Jewish socialist and revolutionary who founded the first kibbutz in Israel. Name variations: Mania Shochat; Manya Wilbushevitz; Manya Shochat-Vilbushevich. Born in 1878 in Lososna, Russia; died in 1961; married Yisrael Shochat, in 1908; children: Geda and Anna.

Helped settle Eretz Israel, the area of Palestine that would eventually become the state of Israel; was instrumental in arming Jews to protect them from Arab aggression; founded kibbutz (collective farm) movement; campaigned for the Zionist cause and worked to improve Arab-Jewish relations.

Manya Shochat was born on her father's estate in Lososna, Russia, in 1878 into a family of ten children. Her wealthy grandfather, a supplier to the Russian army, had abandoned Jewish traditions and customs to become more accepted in the landowning class. Shochat's father, however, clung to Judaism, and made sure his children received a Jewish education. As a young teenager, Shochat became aware of the hard conditions faced by laborers and fully committed herself, despite her own privileged background, to bringing about change through labor movements.

At age 15, Shochat ran away from home and worked in a Polish factory until she was retrieved by the police.
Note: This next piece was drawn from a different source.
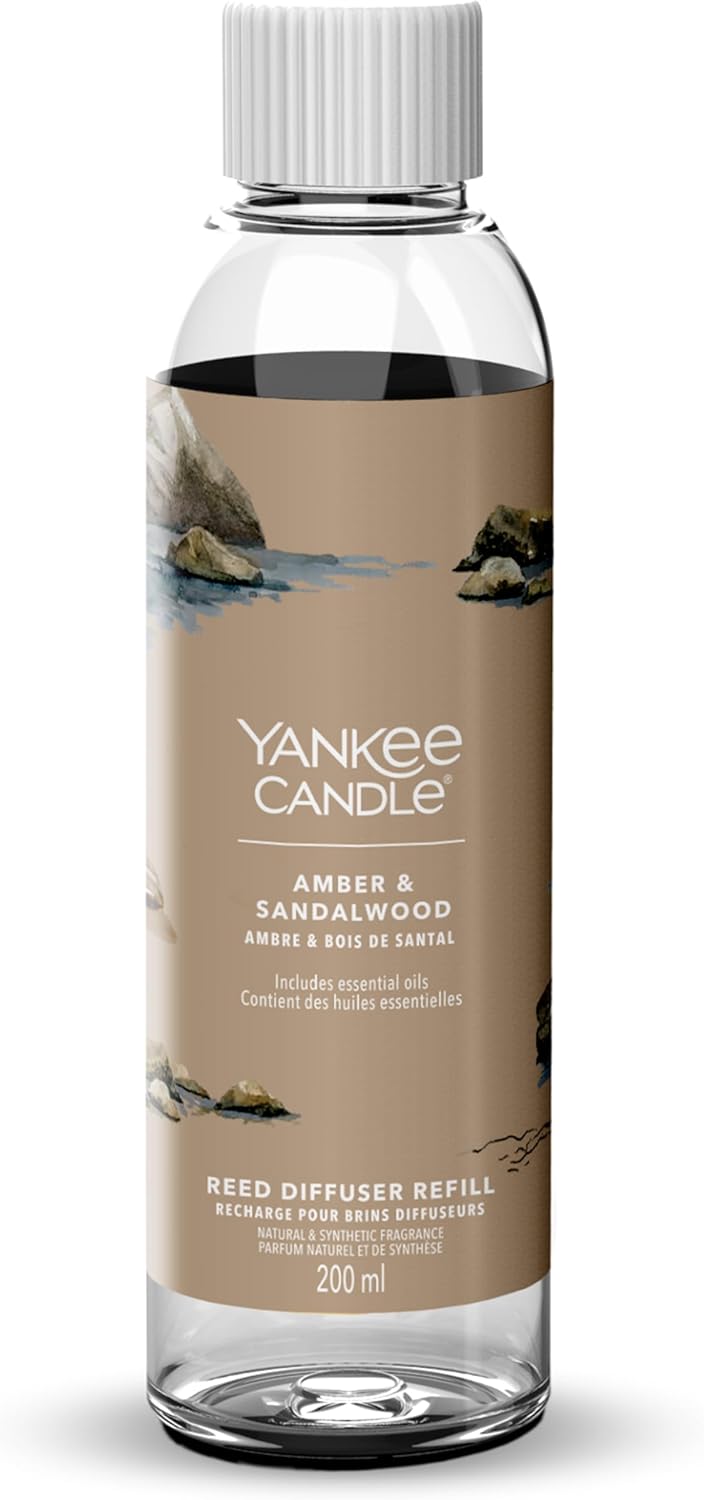 Recharge brins diffuseur Yankee Candle Signature Ambre et Bois de Santal – 200 ML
Undeterred, she convinced her brother, Gedaliah, to let her work in his carpentry shop in Minsk. There she earnestly devoted herself to the cause of the worker, visiting factories and advocating the education of laborers as a means to transform them into activists. She also established ties with the Jewish community, having had little contact with Jews in Lososna.

Shochat's association with the Bundists made the most sense initially, as the Jewish socialist labor group seemed a happy alliance of her twin interests in labor reform and the Jewish people. Their demands were simple: the right to form labor unions, the right to free speech, and the right to strike. However, the Bundists were primarily interested in orchestrating mass demonstrations of Jewish workers rather than educating them and attending to their needs individually, and neither did they favor Jewish emigration to Palestine. Several of Shochat's brothers had emigrated to Eretz Israel, a part of Palestine that was home to many Jewish settlers, and Shochat soon aligned herself more with the Poale Zion Party (Workers of Zion), from which sprung the Labor Zionist movement.

Her activities did not escape the notice of governmental authorities, who arrested her in 1899 for inciting the workers. Shochat's year-long stay in prison only made her more determined to accomplish her goal of organizing Jewish workers, but there were forces at work equally set on crushing the movement. Anti-Semitic sentiment in Russia had occasionally erupted into "pogroms," or organized massacres of Jews, since 1881, and in 1903 one occurred in Kishinev in which 47 were killed and hundreds more injured. The slaughter only served to further fuel the Zionist movement. It also inspired Shochat to conspire with others to murder the man they considered responsible for much of the killing: Count Vyacheslav Konstantinovich Plehve, minister of the interior. An informer revealed the assassination plot before it could be carried out, however, and Shochat fled the country for Eretz Israel, arriving on January 2, 1904.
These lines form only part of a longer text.